:: RECORDED INFORMATION ::
--
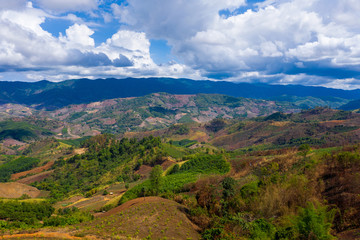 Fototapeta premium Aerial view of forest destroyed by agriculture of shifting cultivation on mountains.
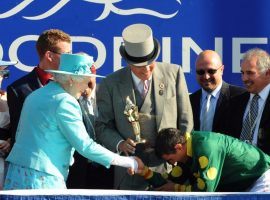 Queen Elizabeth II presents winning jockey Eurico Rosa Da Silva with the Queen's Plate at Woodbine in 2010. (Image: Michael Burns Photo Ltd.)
--
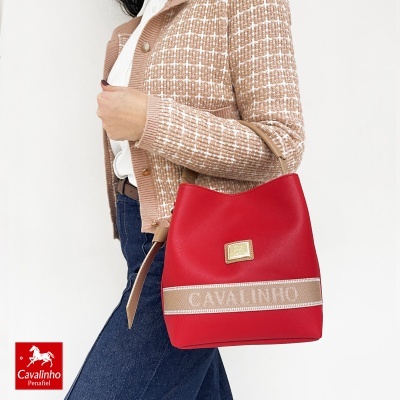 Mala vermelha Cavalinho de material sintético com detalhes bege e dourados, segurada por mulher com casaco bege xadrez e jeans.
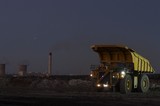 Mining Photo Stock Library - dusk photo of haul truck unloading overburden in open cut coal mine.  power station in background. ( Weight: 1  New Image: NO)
--
:: DESCRIPTION OF THE TASK ::
Lines from the one above containing "Fototapeta premium Aerial" down to the one containing "Queen Elizabeth II" should be transcribed exactly, with both ends kept and no pictures.

:: RESPONSE TO THE TASK ::
 Fototapeta premium Aerial view of forest destroyed by agriculture of shifting cultivation on mountains.
 Queen Elizabeth II presents winning jockey Eurico Rosa Da Silva with the Queen's Plate at Woodbine in 2010. (Image: Michael Burns Photo Ltd.)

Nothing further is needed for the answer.